== Provided data

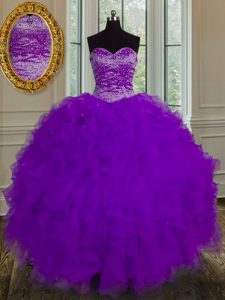 Berenjena púrpura sin mangas rebordear y volantes vestidos de quinceañera de longitud de piso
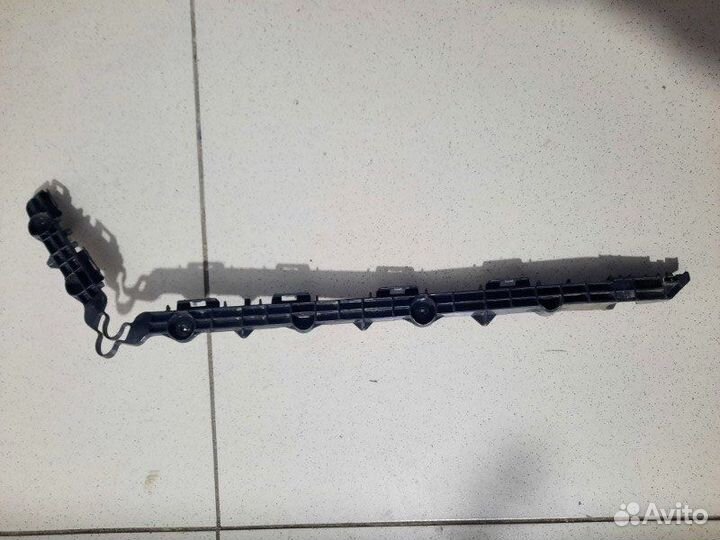 Кронштейн бампера задний правый Тoyota Camry V50-5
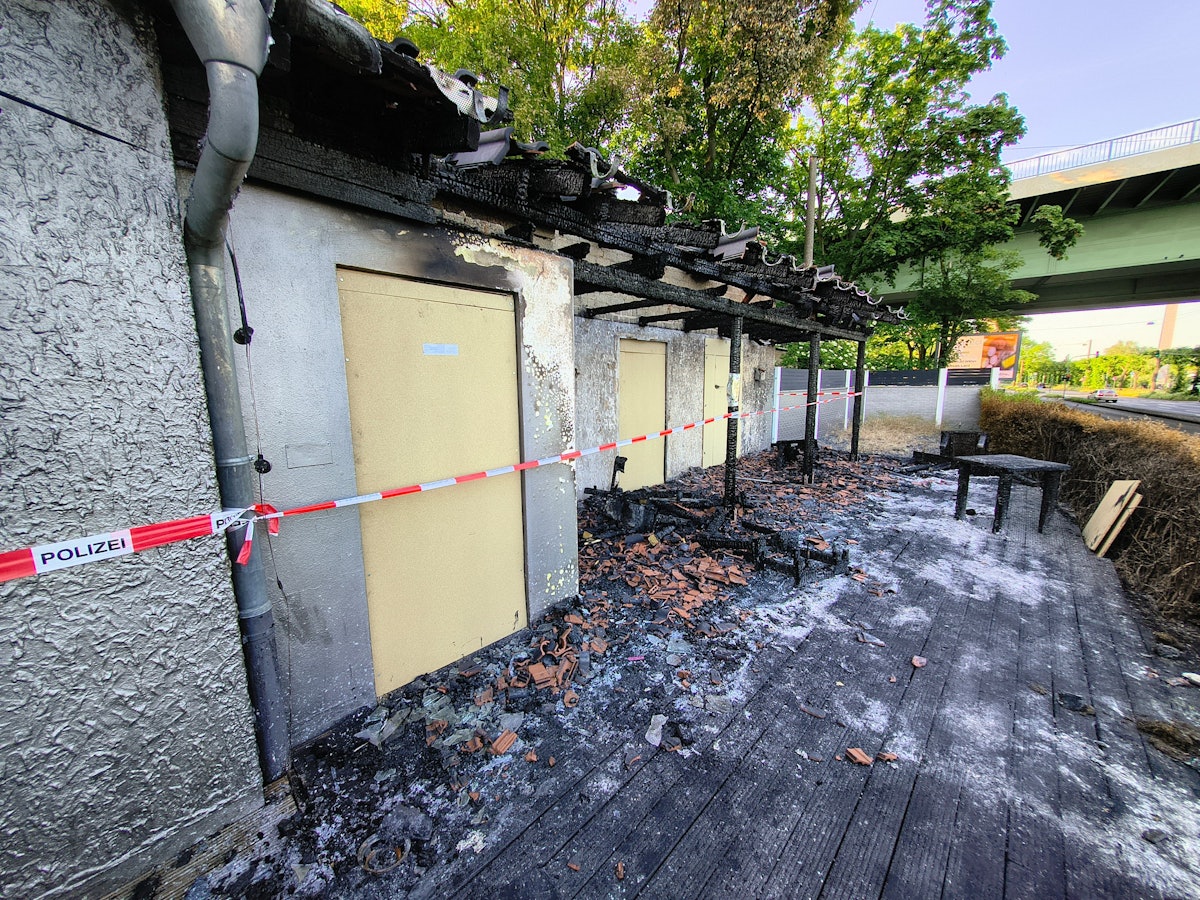 Ein Feuer hat das Restaurant Fux in Köln verwüstet.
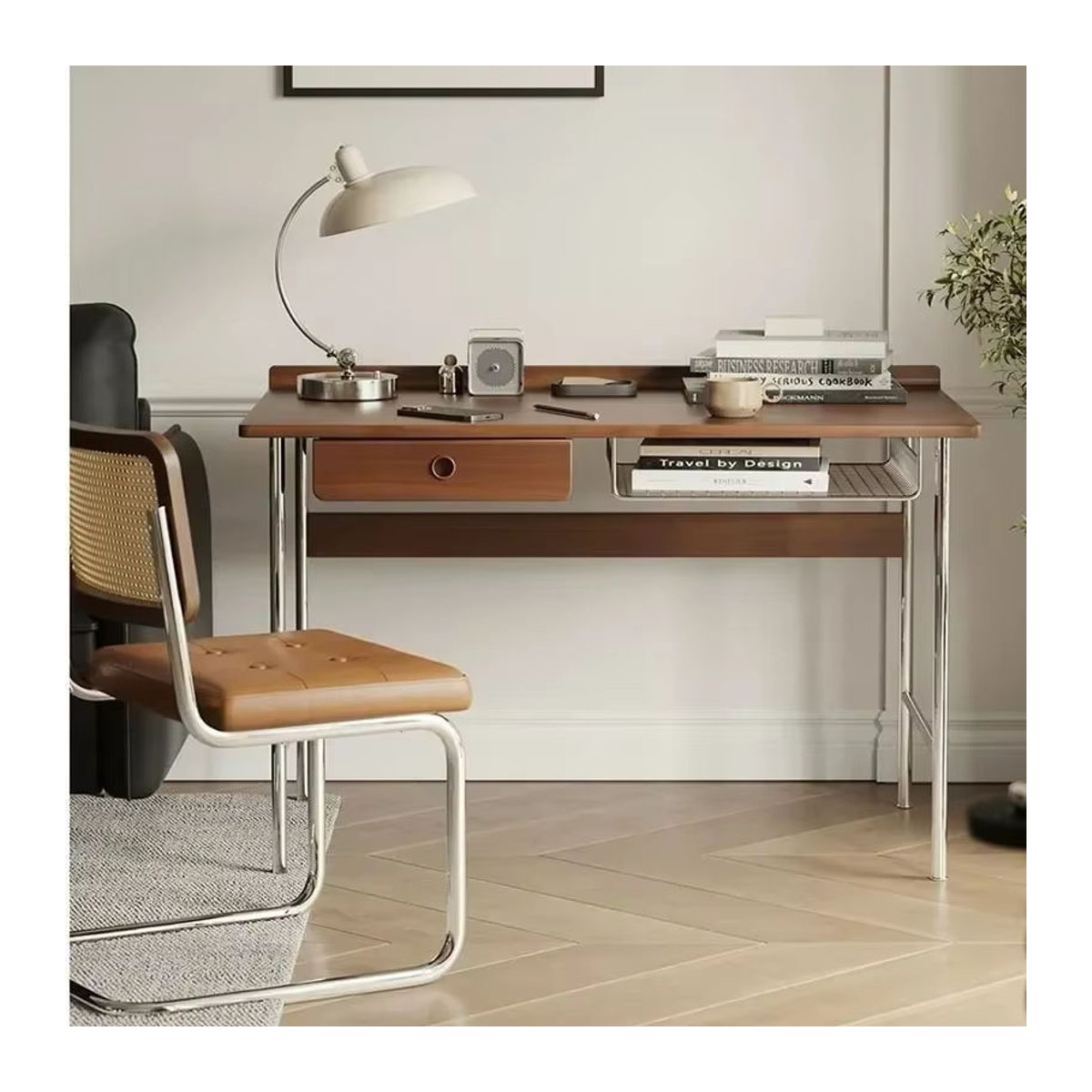 Cavandon Schreibtisch aus Holz in Braun im skandinavischen Design für Schlafzimmer und Büro - Bild 2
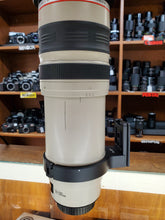 Load image into Gallery viewer, Canon EF 28-300mm f/3.5-5.6L IS USM Lens - Pro Full Frame Telephoto - Used Condition 9/10 - Paramount Camera &amp; Repair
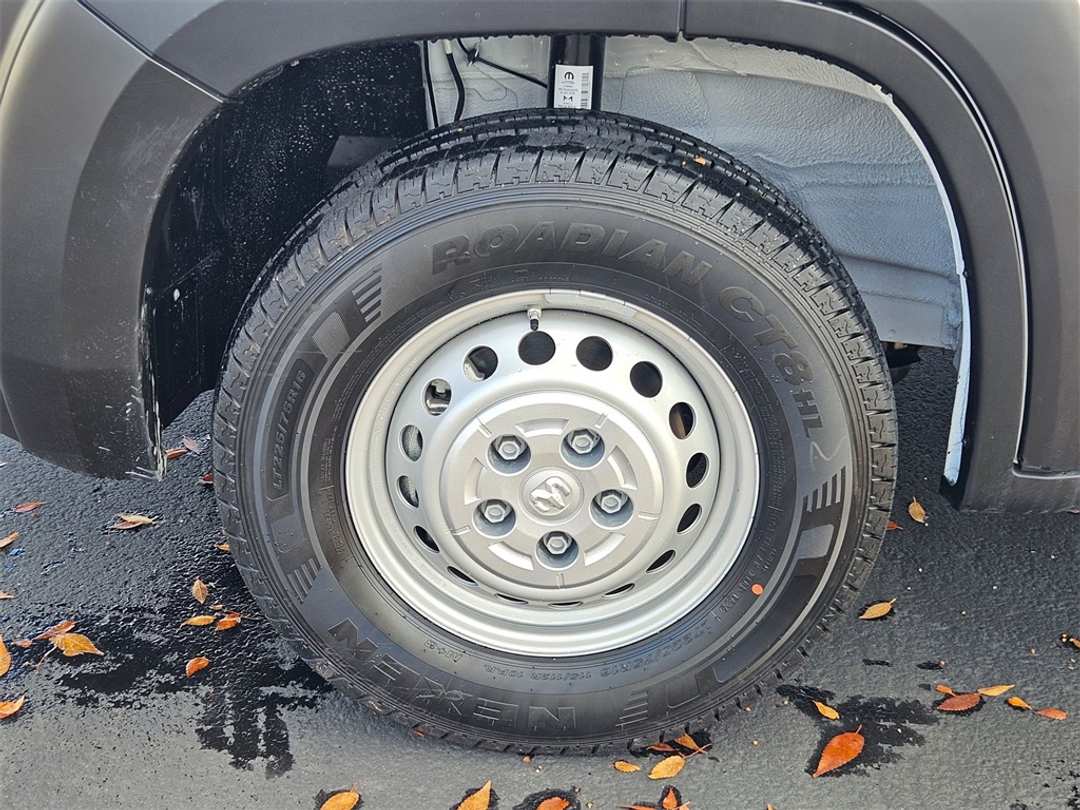 2026 Ram Promaster 1500 Low Roof - Image 40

====

_Task item_:
Output all the data, exactly, without images.

_Answer to the problem_:
 Berenjena púrpura sin mangas rebordear y volantes vestidos de quinceañera de longitud de piso
 Кронштейн бампера задний правый Тoyota Camry V50-5
 Ein Feuer hat das Restaurant Fux in Köln verwüstet.
 Cavandon Schreibtisch aus Holz in Braun im skandinavischen Design für Schlafzimmer und Büro - Bild 2
 Load image into Gallery viewer, Canon EF 28-300mm f/3.5-5.6L IS USM Lens - Pro Full Frame Telephoto - Used Condition 9/10 - Paramount Camera &amp; Repair
 2026 Ram Promaster 1500 Low Roof - Image 40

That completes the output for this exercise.